Sejong Corpora are widely used for Korean Language Processing and contains POS(Part of Speech) tagged corpus, word sense tagged corpus, dependency tree tagged corpus, and Korean-English parallel corpus. However, it also contains many kinds of errors although the corpora had been built by well-trained annotators. In this thesis, we specially are interested in the errors which are involved in Sejong POS tagged corpus. The errors cause bad performance of the systems which are trained via the corpus, and should be minimized. It, however, is not easy to detect and correct the errors in the corpus because the proportion of the errors is large and the kinds of the errors are very diverse. Furthermore, detecting and correcting the errors are laborious, time-consuming and then spend large expense.
In this thesis, we propose the error correction tool for efficiently detecting and correcting the errors in the Sejong POS tagged corpus. We automatically detect the errors using the methods for morphological generation and automatic word spacing. The former is used for insertion and deletion errors and spelling errors, and the latter is for word spacing errors. Also we semi-automatically correct the errors using graphical user interface (GUI), which is implemented in Java. The GUI consists of four major functions: the spelling error correction, the morpheme deletion correction, the morpheme insertion correction, and the morphological re-analysis.
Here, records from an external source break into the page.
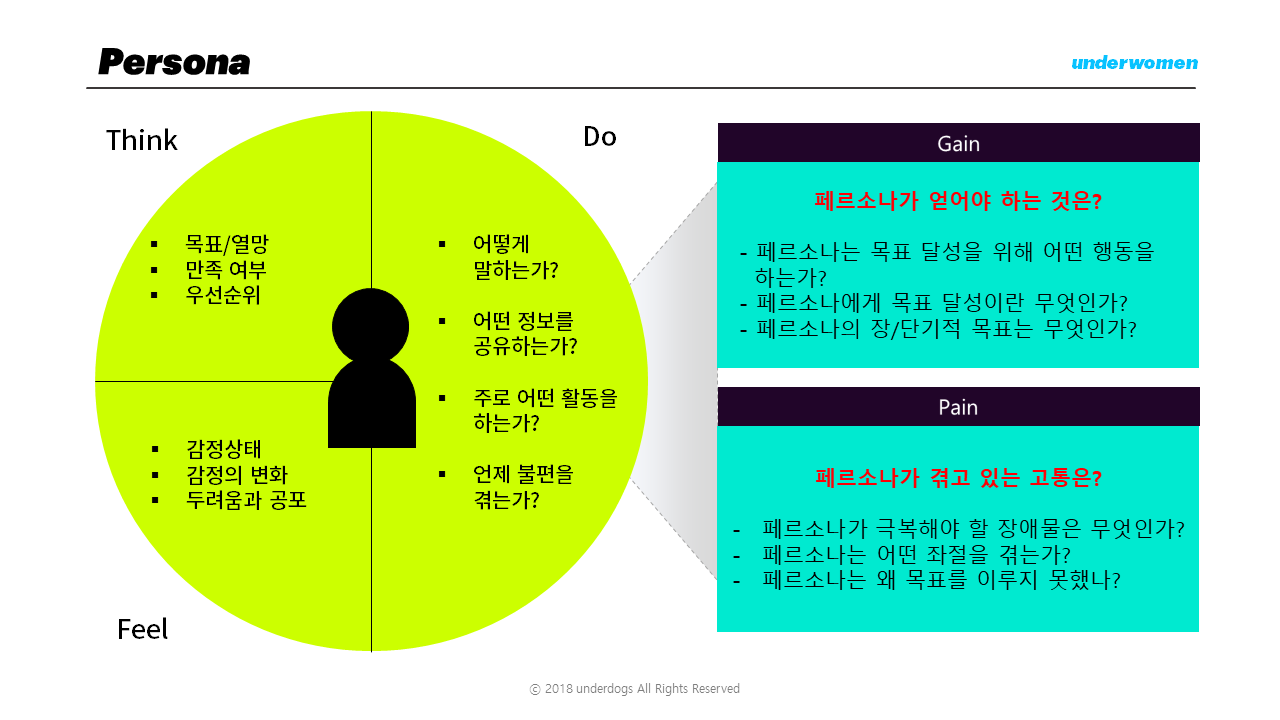 언더우먼 진행장표 (1).png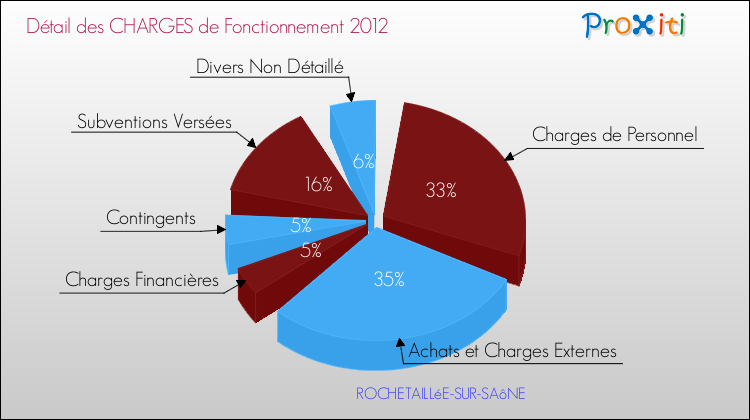 Décomposition des Charges de Fonctionnement 2012 de la commune de ROCHETAILLéE-SUR-SAôNE Charges de Fonctionnement 2012 pour la commune de ROCHETAILLéE-SUR-SAôNE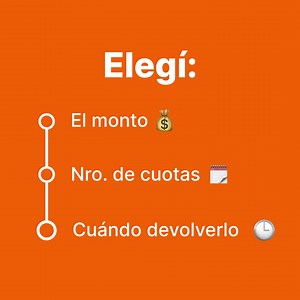 32 reactions | Si estás preocupado, no te preocupes  porque con Galicia tenés tu plata fácil y al toque  | Banco Galicia | Facebook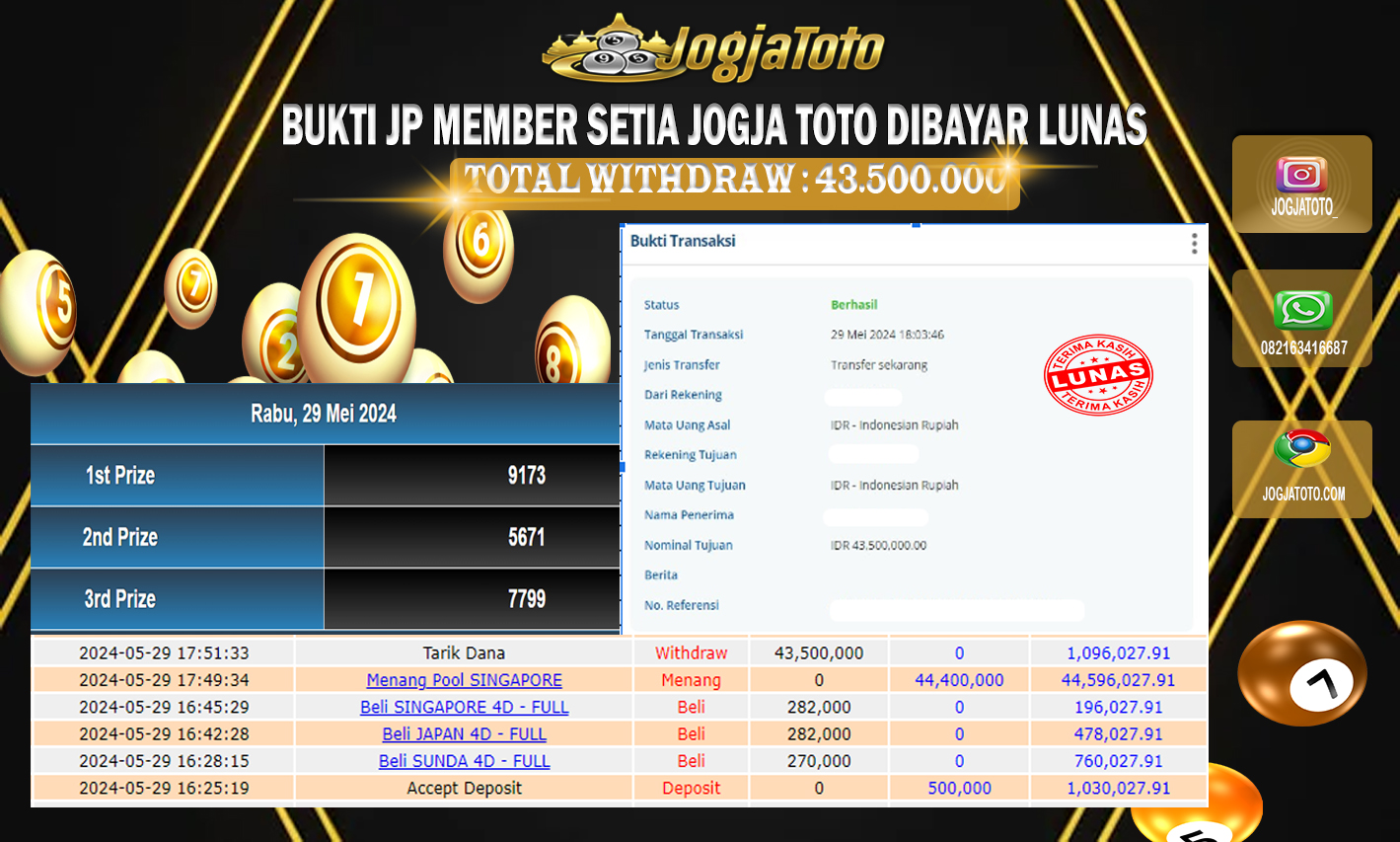 togel.jpg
The GUI is designed to reduce laborious tasks and repetitive behavior patterns.
We have observed that there’s been a nine-fold reduction in the duration for error detection and correction at the least when applying the proposed tool to Sejong POS tagged corpus. We have also shown that error correction speed has steadily increased through experiments. As a result, the proposed tool is very promising for error detection and correction.